Benefits for Patients and Families: A certification would provide patients’ families with assurance that the person caring for them or their loved ones is knowledgeable and skilled. Being able to reassure patients and their families is an integral part of the healthcare industry.
Benefits for Employers: Continuous improvement and maintenance of skills creates an environment of professionalism and gives the medical facility a good retention rate. Certified medical staff is also a way for hospitals to differentiate themselves from competitors in the market and show the patients that the hospital has top of the line staff available for them.
Benefits for Nurses: By getting certified, nurses are able to add credibility and authentication to their skill set and can position themselves for due recognition.
A nursing certificate opens up a number of opportunities in the areas of nursing education, hospital management and other fields of medicine. The US Bureau of Labor Statistics (BLS) estimates over two million new nursing careers will be created by 2020, giving this field one of the highest growth rates among all professions.
How long does it take to get a certificate in nursing?
After you have completed your degree in nursing, you will need to get certified before you can begin practicing. For this, you will need to take the National Council Licensure Examination (NCLEX). You will first have to apply for the license through your state board of nursing and meet the eligibility criteria defined by your specific state. The certification process itself does not take long – the amount of time required to get certified will depend on the degree path you take before the certification process. For instance, an associate degree program would take two years, a bachelor’s degree would take four years and a master’s degree would take two years. Nurses may also become certified through professional associations, in areas such as gerontology, pediatrics or ambulatory care.

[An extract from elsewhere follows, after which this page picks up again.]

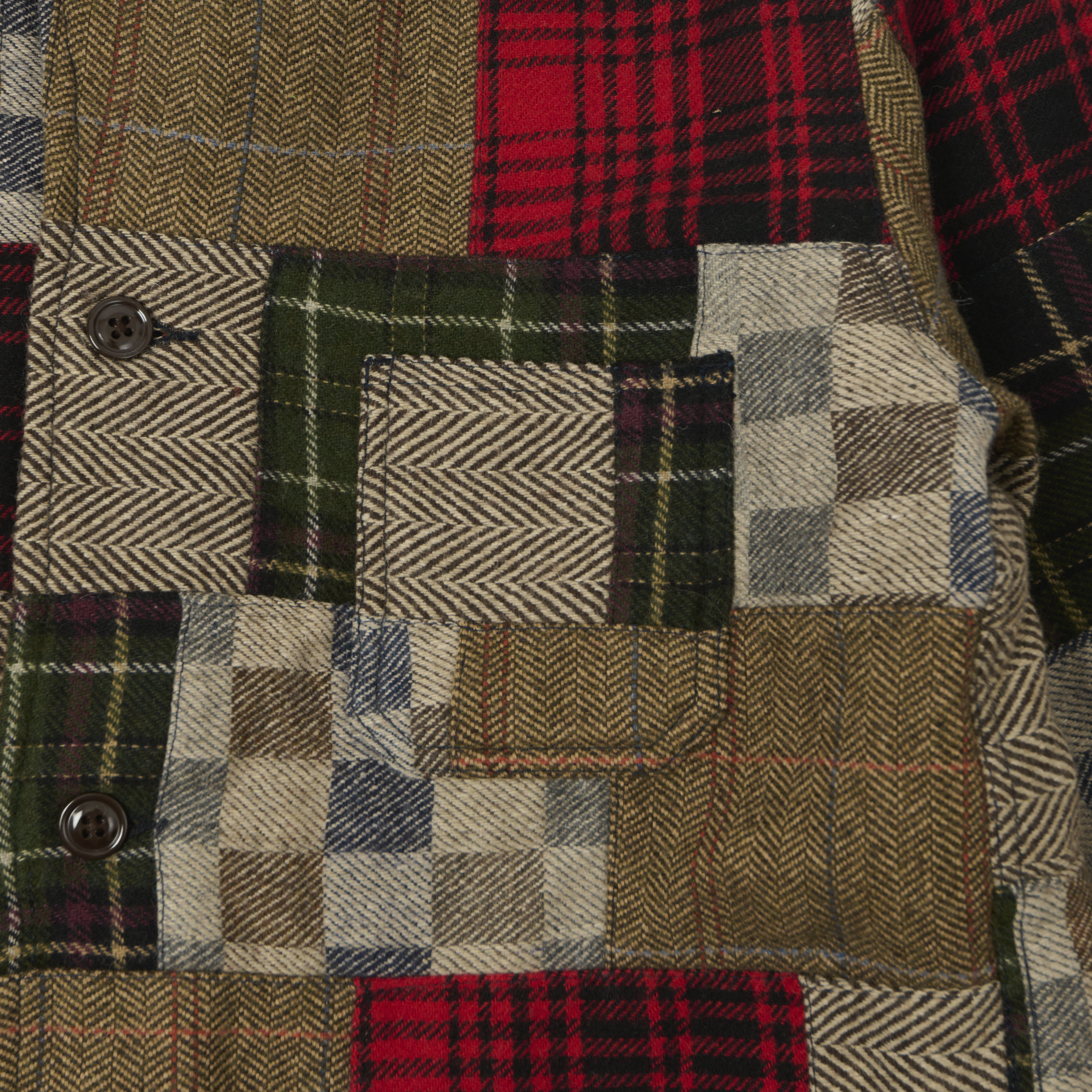 Monitaly Wool Patchwork Italian Jail Jacket - Red/Brown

What are the requirements to get a certificate in nursing?
To get a certificate in nursing, you will first need to complete a degree in nursing. Once you are done with this, you will need to register yourself for the certification exam with your state board of nursing. Every state has its own eligibility criteria, so make sure you are well aware of your state’s individual requirements. Following this, you will need to sit for the National Council Licensure Examination (NCLEX).
How much can I make with a certificate in nursing?
According to the US Bureau of Labor Statistics, there are two major categories of nurses; “Registered Nurses” and “Licensed Practical and Licensed Vocational Nurses.”
The Registered Nurses in the US will experience a 7% increase in employment opportunities from 2019 to 2029. RNs earned $77,460 as mean annual salary in the year 2019, with their annual median salaries being $73,300.
Licensed Practical and Licensed Vocational Nurses
Licensed Practical and Licensed Vocational Nurses are expected to experience even better job growth than Registered Nurses between 2019 and 2029. LPNs and LVNs are projected to experience a 9% increase in job opportunities. Their annual mean salary across the US in 2019 was $48,500 and their yearly median income stood at $47,480.